JCU researchers have found particles in popular 'superfood' Spirulina that could lead to lead to huge advancements in vaccine production and effectiveness.
The research paper, led by Dr Farouq Sharifpour, DVM, PhD from JCU's Australian Institute of Tropical Health & Medicine (AITHM), investigates Spirulina extracellular vesicles (SPEV) and their potential therapeutic benefits.
While safely testing on mice, Dr Sharifpour and his team found that said SPEV has huge potential as a new class of vaccine adjuvant (substances added to vaccines to make them more effective).

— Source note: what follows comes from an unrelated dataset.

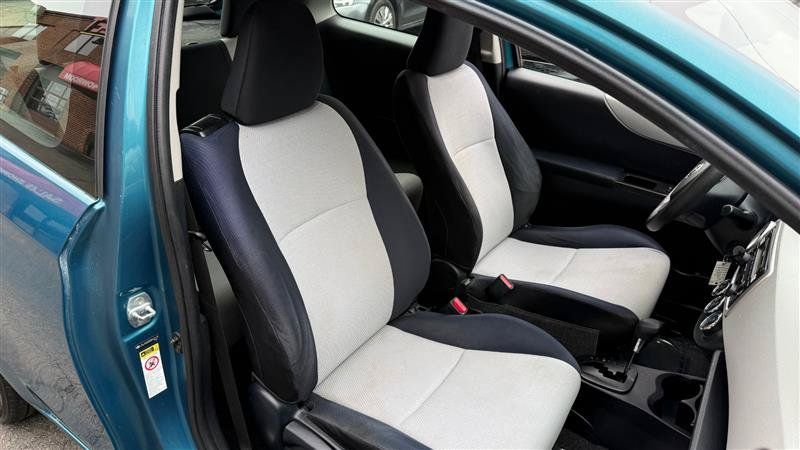 Used 2012 Toyota Yaris L FWD image 7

"We were working on spirulina on a totally different project, but when we realised that nobody has previously worked on extracellular vesicles, or reported on extracellular vesicle isolation from spirulina, we jumped at that chance," he said.
"We injected them directly into mice, and we found instantaneous pro-inflammatory effects, meaning that they boost inflammation. This was not the sort of inflammation that harms you, it's an inflammation without any adverse effect.
"Through several exposures, several injections to mice, it still had this pro-inflammatory effect and from there we thought if elevates immunities, and if it boosts immune response without any adverse effects, why not we use it as a vaccine adjuvant?"
Spirulina has been consumed by humans for thousands of years, with more recent studies showing these cyanobacteria are useful for many chronic conditions including diabetes, obesity, cancer and intestinal health.
Using several techniques, including transmission electron cryomicroscopy (where samples are studied at cryogenic temperatures), Dr Sharifpour and his team were able to isolate and identify SPEVs and their specific proteins.
"We injected the mice with these antigenic proteins, with this vaccine antigen and we realised that comparing to when you inject this vaccine antigen alone, the Spirulina elevates the immune response to that specific protein by around 1000-fold," he said.
"It was certainly surprising and it's very much comparable to chemical adjuvants that are used in the vaccine industry today, which generally have some adverse effects.
"We didn't see any adverse effects in the mice, and we are hoping that SPEVs can be used in the next generation of adjuvants. However, more experiments are needed to be done."
Dr Sharifpour and his team extracted and attempted to identify which proteins were responsible for which immunological effect using a technique called mass-spectrometry.
The lead author, Dr Sharifpour has also managed to genetically modify Spirulina to express non-native proteins (unpublished data).
He believes that genetically engineered spirulina EVs could be used as self-adjuvating vaccines, eliminating the need for separate production of vaccines and adjuvants.
This genetic engineering of spirulina to produce vaccine antigens and EVs is a cost-effective solution for vaccine production, with the potential benefits including affordability and scalability.
"Since spirulina is very, very affordable in culture, you can have a large scale of spirulina at a fraction of the of the cost of other subunit vaccines that we have today," he said.
"It could potentially lead to a paradigm shift in the vaccine industry. We can produce farms of genetically engineered spirulina so that they produce this vaccine antigen, and we can harvest EVs from them and then inject it into individuals to make it more affordable."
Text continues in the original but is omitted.